Time Complexity: Average O(n + m), worst-case O(nm) if hash collisions occur.

String Algorithms: Text Processing and Pattern Matching Explained with Examples

Boyer-Moore Algorithm

The Boyer-Moore algorithm is considered one of the fastest for practical use. It preprocesses the pattern to build two heuristic tables: the bad character rule and good suffix rule. It skips large sections of text, making it efficient in real-world usage.

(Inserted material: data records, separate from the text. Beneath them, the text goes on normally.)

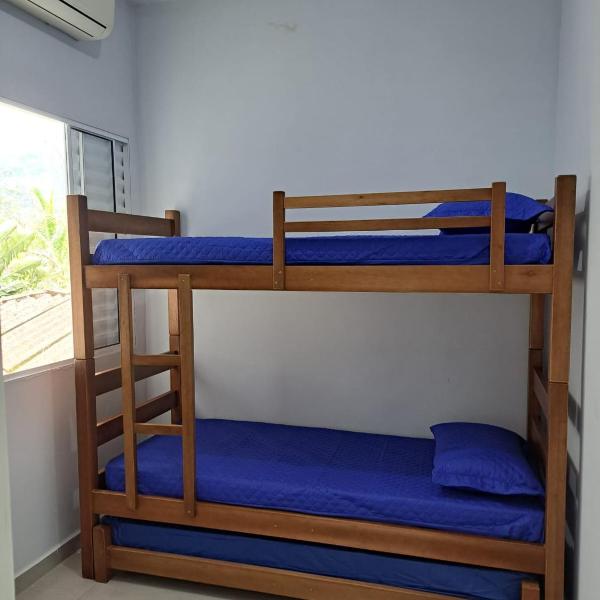 Casa nova com 3 quartos, equipada com Ar Condicionado, TV, Internet e Área de Lazer Completa - Boiçucanga - Foto 2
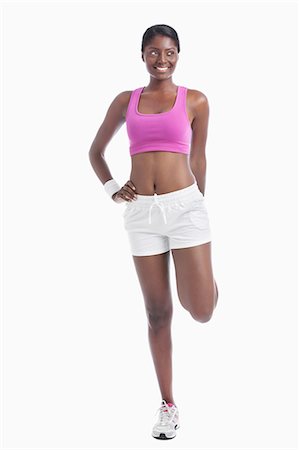 sostén deportivo - Young African American woman exercising over white background Foto de stock - Sin royalties Premium, Código: 693-06403328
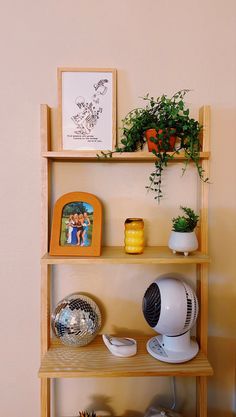 a wooden shelf with plants and pictures on it next to a wall mounted air conditioner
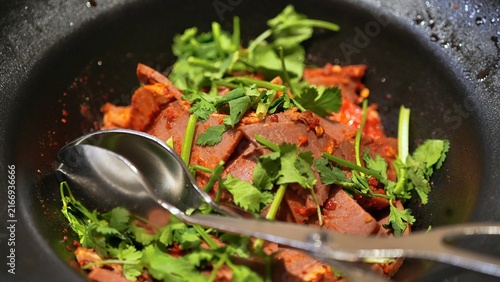 black bowl full of with vegetables and meat, dish with basil leaves on top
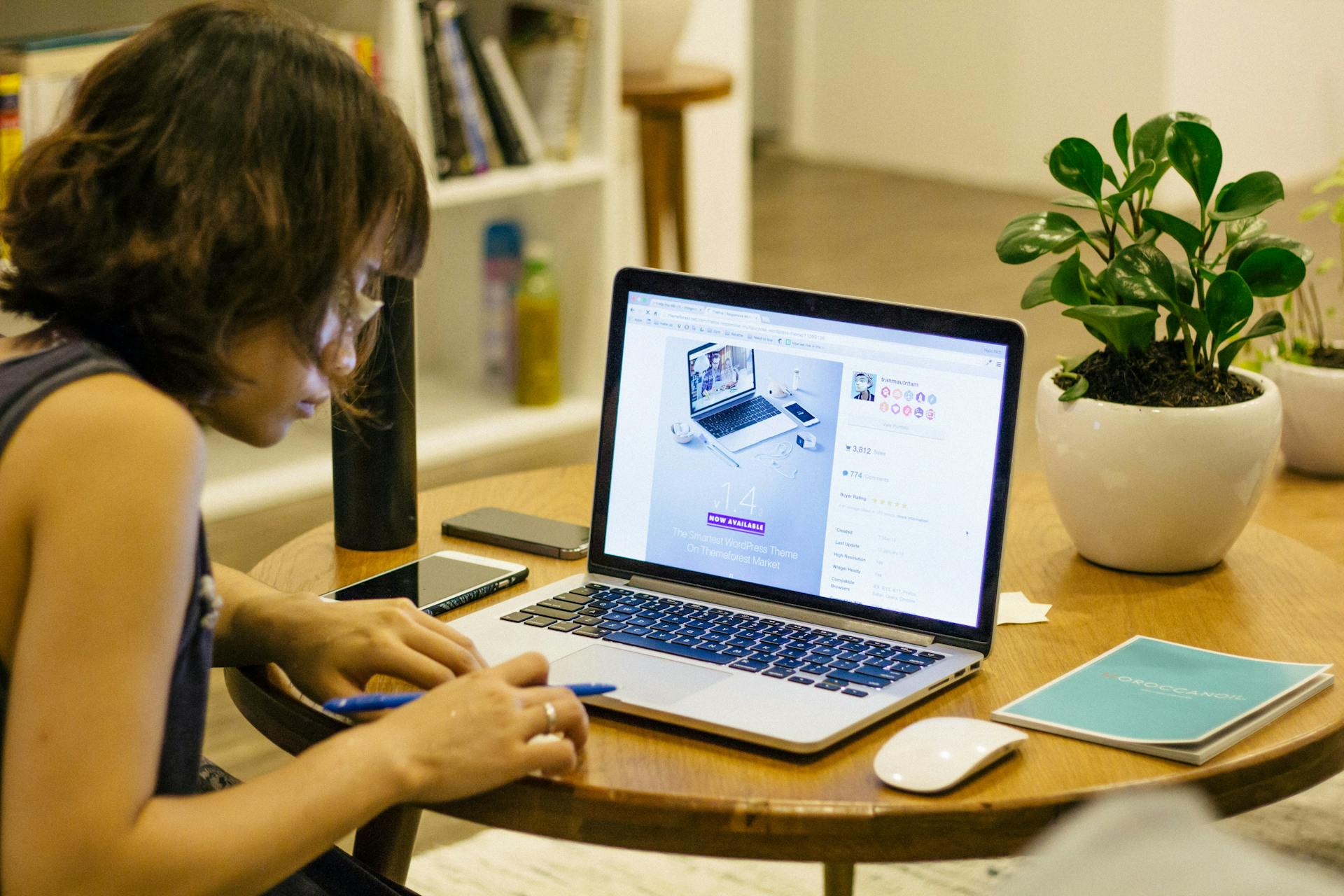Young woman checking her credit score on a laptop (Photo by Tran Mau Tri Tam ✪ on Unsplash)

def boyer_moore_search(text, pattern):
    m, n = len(pattern), len(text)
    skip = {c: m - i - 1 for i, c in enumerate(pattern[:-1])}
    positions = []
    i = 0
    while i <= n - m:
        j = m - 1
        while j >= 0 and text[i + j] == pattern[j]:
            j -= 1
        if j < 0:
            positions.append(i)
            i += m
        else:
            i += skip.get(text[i + m - 1], m)
    return positions

# Example
print(boyer_moore_search("HERE IS A SIMPLE EXAMPLE", "EXAMPLE"))  # Output: [17]

Time Complexity: Best case O(n/m), average O(n), worst case O(nm).

String Algorithms: Text Processing and Pattern Matching Explained with Examples

Applications of String Pattern Matching

  • Search Engines: Keyword search optimization.
  • Spell Checkers: Detecting misspelled words.
  • Fraud Detection: Matching transaction patterns.
  • Bioinformatics: DNA and protein sequence alignment.

Conclusion

String algorithms are at the heart of modern computing applications. From the naive method to KMP, Rabin-Karp, and Boyer-Moore, each has unique strengths and trade-offs. Mastering these algorithms allows developers to process text at scale efficiently.

At CodeLucky.com, we recommend starting from naive matching, then experimenting with efficient algorithms like KMP and Rabin-Karp, and finally diving into Boyer-Moore for performance-critical applications.